NEW PRINCIPLES OF COMPUTER PROCESSING

Entropy and information in biological systems
In spite of enormous complexity of biological systems in general and human in particular, the notion of entropy turns out to be very useful in description of certain aspects of such objects.

As first example we consider the following psychological experiment: Suppose we have N lamps; and lamp number j flashes with probability pj. The human should point out as quickly as possible which lamp flashed. What is the mean time of human reaction if the experiment is repeated many times?

The answer turns out to be rather unexpected: the average reaction time is proportional to the entropy (2.2) of our experiment (and not to number of lamps N as one would naively think) [Hyman R.,1953].

Moreover, we can repeat the experiment under another conditions: we can ask the human to point to the flashed lamp as soon very quickly, such that sometimes he can even make mistakes. Then we get two probabilistic experiments: experiment a, whose outcomes are flashes of lamps, and experiment ß, whose outcomes are human reactions. It turns out that the average time of human reaction in this case is proportional to information I(, ß)!

The conclusion we can make from these experiments is that the speed of signal propagation in human nerves is proportional to mathematically well-defined amount of information contained in the signal!

Another indication of the relevance of entropy notion in biological system is a well known fact that in any population of biological species most of their physical characteristics (like say weight, or length) have gaussian distribution density. As we know, the gaussian distribution (2.18) maximises the entropy if the dispersion is fixed.
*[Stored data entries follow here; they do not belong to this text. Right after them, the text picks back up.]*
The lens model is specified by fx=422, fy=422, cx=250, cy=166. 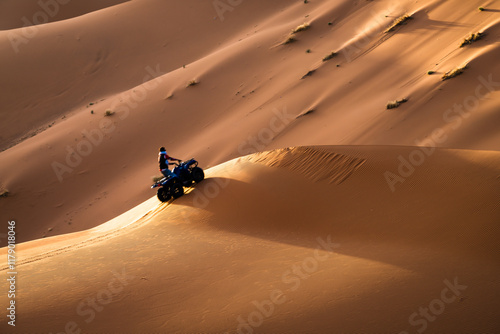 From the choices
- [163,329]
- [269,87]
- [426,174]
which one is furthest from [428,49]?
[163,329]

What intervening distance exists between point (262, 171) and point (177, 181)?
7.35ft

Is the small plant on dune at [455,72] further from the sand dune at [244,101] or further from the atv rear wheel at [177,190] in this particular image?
the atv rear wheel at [177,190]

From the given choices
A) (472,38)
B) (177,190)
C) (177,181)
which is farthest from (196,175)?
(472,38)

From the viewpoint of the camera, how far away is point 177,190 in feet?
35.2

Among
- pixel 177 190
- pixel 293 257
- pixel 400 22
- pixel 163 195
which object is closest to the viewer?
pixel 293 257

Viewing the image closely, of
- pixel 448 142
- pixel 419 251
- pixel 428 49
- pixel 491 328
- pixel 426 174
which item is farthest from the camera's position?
pixel 428 49

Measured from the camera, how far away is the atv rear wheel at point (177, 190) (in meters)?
10.7

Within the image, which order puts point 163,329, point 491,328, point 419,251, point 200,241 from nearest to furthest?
point 491,328 < point 163,329 < point 419,251 < point 200,241

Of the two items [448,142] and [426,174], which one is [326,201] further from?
[448,142]

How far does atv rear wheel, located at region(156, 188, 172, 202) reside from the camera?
416 inches

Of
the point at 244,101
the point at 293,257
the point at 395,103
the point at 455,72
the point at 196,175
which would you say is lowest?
the point at 293,257

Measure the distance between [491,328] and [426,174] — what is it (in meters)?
4.29

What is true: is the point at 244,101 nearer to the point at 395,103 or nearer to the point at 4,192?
the point at 395,103

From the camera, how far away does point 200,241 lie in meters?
8.06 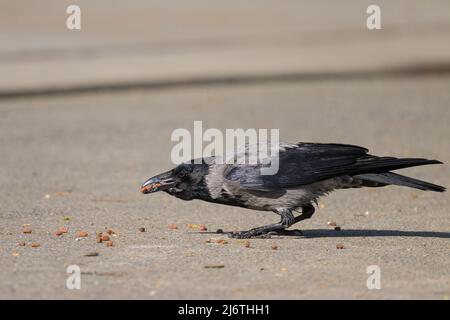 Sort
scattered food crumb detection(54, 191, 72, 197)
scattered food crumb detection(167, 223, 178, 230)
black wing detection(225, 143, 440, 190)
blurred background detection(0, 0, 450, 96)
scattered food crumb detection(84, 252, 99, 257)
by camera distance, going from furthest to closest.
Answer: blurred background detection(0, 0, 450, 96) → scattered food crumb detection(54, 191, 72, 197) → scattered food crumb detection(167, 223, 178, 230) → black wing detection(225, 143, 440, 190) → scattered food crumb detection(84, 252, 99, 257)

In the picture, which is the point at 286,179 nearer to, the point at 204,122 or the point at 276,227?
the point at 276,227

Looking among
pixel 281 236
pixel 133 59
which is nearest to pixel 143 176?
pixel 281 236

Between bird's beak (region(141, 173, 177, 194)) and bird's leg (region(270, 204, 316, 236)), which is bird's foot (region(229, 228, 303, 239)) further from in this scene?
bird's beak (region(141, 173, 177, 194))

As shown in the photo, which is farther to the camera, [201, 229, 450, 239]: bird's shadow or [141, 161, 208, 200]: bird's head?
[201, 229, 450, 239]: bird's shadow

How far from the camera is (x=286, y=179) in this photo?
8555 mm

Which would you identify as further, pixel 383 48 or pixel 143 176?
pixel 383 48

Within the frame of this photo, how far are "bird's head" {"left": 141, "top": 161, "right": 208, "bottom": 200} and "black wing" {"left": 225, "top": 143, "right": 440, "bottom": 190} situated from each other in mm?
258

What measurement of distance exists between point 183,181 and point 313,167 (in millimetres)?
1043

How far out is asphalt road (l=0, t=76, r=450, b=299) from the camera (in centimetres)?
721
Therefore, we conclude that the principle of maximal entropy (and also the constancy of dispersion) has direct application to evolution of biological population!
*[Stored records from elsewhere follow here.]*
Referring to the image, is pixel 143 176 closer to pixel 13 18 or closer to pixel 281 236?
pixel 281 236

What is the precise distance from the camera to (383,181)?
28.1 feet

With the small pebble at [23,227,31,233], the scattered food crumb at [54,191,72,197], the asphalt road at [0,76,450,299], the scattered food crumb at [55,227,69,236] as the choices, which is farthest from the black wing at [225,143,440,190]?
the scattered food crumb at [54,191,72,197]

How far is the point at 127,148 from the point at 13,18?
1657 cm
Of course, it seems very tempting to generalise the notion of entropy and information to the level of biological objects, or, say, mankind as a whole, looking at evolution of our civilisation, or even the whole universe as huge random experiment. Such attempts were made my many authors (see, for example, book of Stonier [Stonier T., 1990]). Many authors these days speak about "information field" as a fundamental field of nature and so on. However, if we speak about total amount of information (or entropy) contained in, say, human body, or our whole civilisation, it is very difficult to explain what do we mean. How to formulate the experiment explicitly? Or, in thermodynamical terms, how to count all possible microscopic states of the system? Which states should be considered to be different? The problem is that, since the gap between the level of civilisation and fundamental quantum level is very big (in between we have chemical level, biological level, social level...) it does not seem possible to give satisfactory theoretical answer to this question at the moment.
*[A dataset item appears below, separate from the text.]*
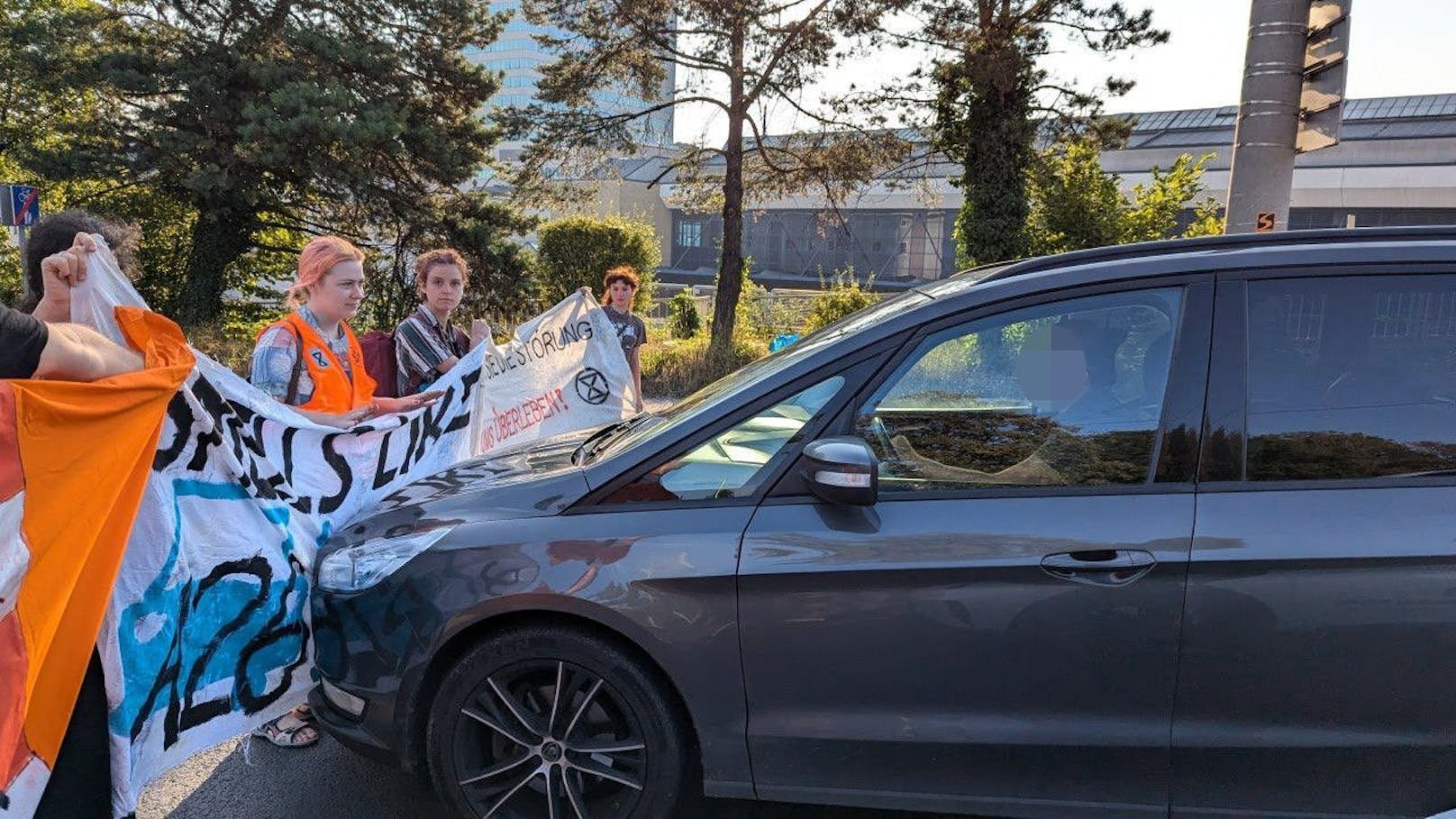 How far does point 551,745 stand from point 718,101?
15.4m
Nevertheless, taking mankind as a whole, or choosing one single human, it is clear, as we can see from above examples, that the notion of entropy can really be used for effective description of certain aspects of their life. So maybe it is possible to measure some characteristic of human experimentally, which can be then satisfactorily interpreted as the "total entropy of human being"? In the sequel we introduce such variable. Then, based on the results of calculation of this variable for different types of human, argue, that this variable can really pretend to be a natural candidate for experimentally measured human entropy, or "measure of human uncertainty". We will referrer to the results of GDV experiments.

Statistical interpretation of BEO-grams. BEO-entropy
To put the essentially qualitative discussion of the previous section to more solid background one should choose one or another mathematical approach for analysis of BEO-gram structure. Ideally, we would like to have an algorithm which would allow to distinguish between images which visually belong to essentially different classes. It was demonstrated by numerous experiments that [Korotkov K., 1998] these different classes, in turn, describe essentially different human states. It was proposed [Proceedings, 1999] the analyse of BEO-grams using so-called "analysis of fractal dynamics", which allows to encode the essential information carried by the image to relatively small number of parameters (eight). This allows develop an algorithm which effectively attribute images to different classes.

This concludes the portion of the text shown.